Каждое утро своего уже такого далёкого детства я брал эмалированное ведро с нарисованными на нём грибами с красными шляпками и шёл к колонке. Подойдя к колонке, всегда с немалым удивлением наблюдал, как кряжистые местные мужики, которых все звали бурундуками, наливали во фляги воды. Удивительно сильными они мне казались, но оно так и было на самом деле. Стоит такой обычно в телогрейке, курит только папиросы «Север» или «Беломорканал», жадно и глубоко затягивает в нутро крепкий табак. Жили бурундуки многие в своих домах, перевезённых из затопленных их родных деревень огромаднейшим Братским водохранилищем. После переезда, махом восстановив дома, держали скотину, продавая картошку, сало, солёные огурцы – словом, всё, что давала воистину богатая на то время природа Матушки-Сибири. И опять же по многим наблюдениям из жизни, поест мясцо да сало такой мужик, и теперь, стоя возле колонки после действительно сытного обеда, жадно курит, затем обязательно сплюнет слюну, это прям какой-то ритуал был, в самом деле. На меня же мужик смотрел, мне казалось, даже с презрением, мол, ничего я делать не умею, ничему не обучен. И ведь не вдолбишь этому здоровенному сибиряку в голову, что я де ещё маленький, всему свой срок, но это не действовало на суровый норов бурундуков. Злились они шибко на первостроителей Братской ГЭС за затопленные свои родные гнёзда, за погубленные в наивысшей степени богатейшие охотничьи угодья, просторнейшие хлебопашные их дедов поля, ягодники, словом, за до боли родное, неизбывное злились. Долго это всё в них сидело, поумирало уж с той поры не счесть как много таких вот мужиков-бурундуков, а те, кто живы, и их давно выросшие дети всё помнят. Родина — она и есть Родина: не отпускает душу человека, ведь покуда живой и трепыхаешься на белом свете, нет-нет да вспомянешь о былом, и это самое былое будоражит душу крепко во все века…

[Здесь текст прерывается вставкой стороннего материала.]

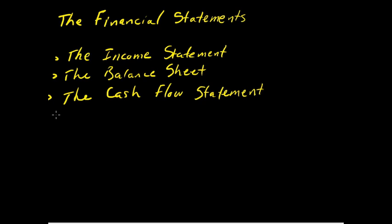Hello, this is Jason Benedict, and it's my pleasure to welcome you to this discussion of the financial statements. There are three financial statements we're going to talk about. The first is the income statement, the second is the balance sheet, and the third is the cash flow statement, which is also sometimes called the statement of cash flows. So let's first talk about the income statement.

Наконец, фляги полны, и бурундук ловко закрывает крышки и на самодельных санках везёт воду, ступая по отчей земле здоровенными растоптанными валенками. Набираю и я своё ведёрко, провожая взглядом бурундука, да с перекурами несу его в свой шестнадцатикомнатный барак. Удивительно теперь вспоминать, как уживались вместе в нашем бараке люди. Дядя Зиновий с женой Русей приехали из Мордовии, дядя Виктор с женой Любой то же из Мордовии, дядя Володя по прозвищу «пан Величинский» с Украины, Дядя Володя с тётей Ниной с Брянщины, семья Костэнко с Украины, большущая семья Бутылкиных – те, конечно же, русские, очень открытые люди. Было действительно много разных национальностей, жили дружно, без драк, и такое не забудешь, особенно глядя на нынешний современный мир.
Много, неисчислимо много утекло воды в реке нашей Ангаре с той поры. Воды её бежали и не ведали, что рухнул могучий Советский Союз, что Братская ГЭС — это уже не государственная, а частная собственность… Так сложилось, что пройдя нелёгкий жизненный путь (у кого он лёгкий?), судьба привела меня, перешагнувшего за пятидесятилетний рубеж, работать охранником здания связи, но здание это продают, а до пенсии мне ещё три года, это с учётом, конечно, если не поменяют срок выхода на пенсию. Работать на тяжёлой физической работе я уже не могу, но пережившему девяностые годы человеку надобно, думается, давать медаль за выживание, это я так, для укрепа духа, думаю. Так вот, здание это строилось рядом с нашими бараками, вбивались сваи, а по выходным, когда всё затихало, мы с другом Эдиком бегали в котлован и курили сигареты «Лайка» и «ТУ-134», «Родопи», «Золотое руно», «Феникс», «Опал»… Сигареты казались вкусными по нутряному ощущению, сейчас такого качества уже очень давно нет и вряд ли будет. Продавались, помню, кубинские сигары, одна толстая сигара стоила рубль по тем деньгам, курили мы её с Эдиком целый месяц, потому как, затянувшись разок, уже накуривались — крепка и ароматна была, зараза. Когда здание почти построили, а строили его почему-то удивительно долго, то в один из тёплых, уже таких далёких, дней мы сидели на рельсах стоящего рядом высотного крана, глядели на высокое кирпичное новое здание и пили вино «Агдам», пили на радостях, ибо закончили ГПТУ №27 и получили по диплому о среднеспециальном образовании с третьим разрядом газоэлектросварщика. Нет уже давно в живых друга Андрея Орлова, геройски погибшего в Афганистане, и сидящего в тот день со мной рядом на той рельсе, давно не видел я и Витю Тудакова, у которого выросли две дочки…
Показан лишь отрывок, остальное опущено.